2) Un docteur de l’église est l’un des 33 saints dont l’Eglise glorifie la sagesse à cause de leur doctrine orthodoxe sans erreur notable, leur vie sainte, l’approbation canonique de leur vie et de leurs écrits, et la proclamation par le pape de la valeur exceptionnelle de l’enseignement. Plus amples détails sub www.chretiente.info/.../ les-33-docteurs-de-l’eglise/.
3) Dans « Histoire de la philosophie » dirigé par Jean-François Pradeau, Éditions du Seuil, 2009
4) Ce qui est parfaitement conforme aux Actes des Apôtres > IV, 32-35, qui vont bien plus loin que le socialisme réel : “...ils mettaient tout en commun (...) Il n’y avait pas d’indigents parmi eux ; ceux qui possédaient des terres ou des maisons les vendaient et venaient en déposer le prix aux pieds des Apôtres ; puis on le distribuait à chacun selon ses besoins.”
Giulio-Enrico Pisani

7 commentaires:

X a dit…

Je suis loin de votre culture. Je m'exprime mal : je suis loin d'être aussi cultivée que vous. Mais l'importance de ce billet ne m'échappe pas. Il est même fondamental. Merci.

giulio a dit…

Comment seriez-vous loin de quelque culture, du moment que ce que l'importance de ce qu'on en dit ne vous échappe pas, ami(e) "X" ?

Toutes les cultures ne font qu'une et le fait que vous y plongiez démontre que leurs frontières ne sont qu'artificielles.

X a dit…

Vous avez raison.

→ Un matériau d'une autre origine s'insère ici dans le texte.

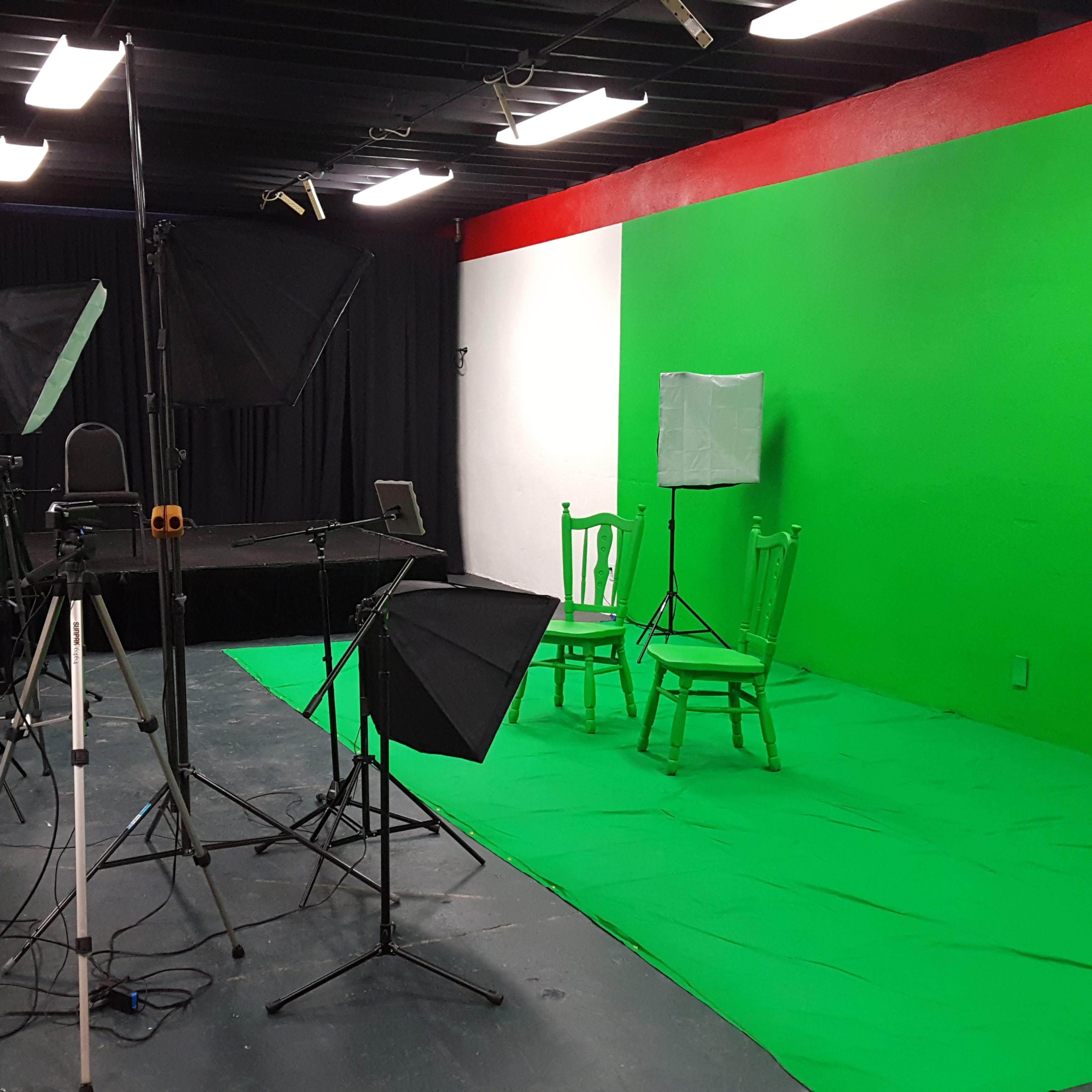 A photography studio equipped with a green screen, lighting setups, and empty chairs set against a vibrant green backdrop.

Je voulais simplement dire que je n'ai pas de formation véritable en philosophie, plutôt en histoire. Ajoutons quelques notions de littérature.
Ce "X" est un choix par défaut, pour éviter des confusions récurrentes entre commentatrices du même prénom. Je m'appelle Michèle mais je signe "X".

giulio a dit…

Autodidacte intégral, je suis bien loti que vous, chère Michèle X.

giulio a dit…

Sorry, je voulais dire "bien moins loti que vous"

X a dit…

@Giulio : j'ai beaucoup d'admiration pour les autodicactes qui doivent mâcher le travail tout seuls... Il me semble que le monde irait mieux s'il y avait beaucoup plus d'autodidactes.

giulio a dit…

Merci, Michèle ! Mais il ne pense pas qu'il faille généraliser. Il y a de l'ivraie et du bon grain partout.